### [REQUIRED WORK]
Output, word for word, each line from the one with "Vector calendar for" through the end of the listing below, excluding every picture.

### [DATA SECTION]
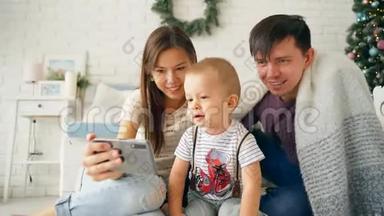 一个幸福的年轻母亲会自取其家。 有一个小儿子的年轻父母在智能手机上拍照
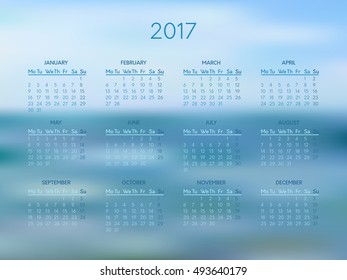 Vector calendar for 2017 year with abstract blue blurred background. Week starts on monday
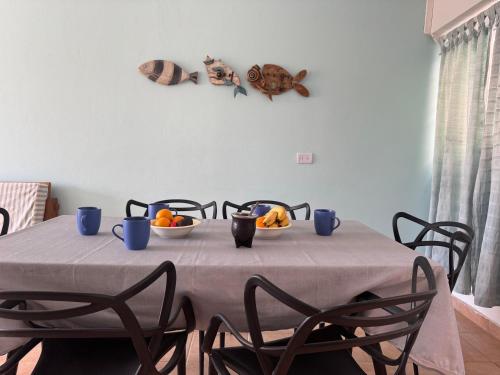 a table with blue cups and bowls of fruit on it at Las Grutas Star in Las Grutas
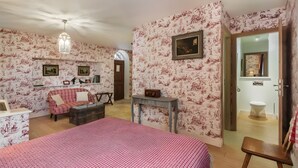 Une pièce avec un papier peint à motifs floraux, un lit, un canapé, une petite table et une porte donnant sur une autre pièce.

### [RESULT]
 Vector calendar for 2017 year with abstract blue blurred background. Week starts on monday
 a table with blue cups and bowls of fruit on it at Las Grutas Star in Las Grutas
 Une pièce avec un papier peint à motifs floraux, un lit, un canapé, une petite table et une porte donnant sur une autre pièce.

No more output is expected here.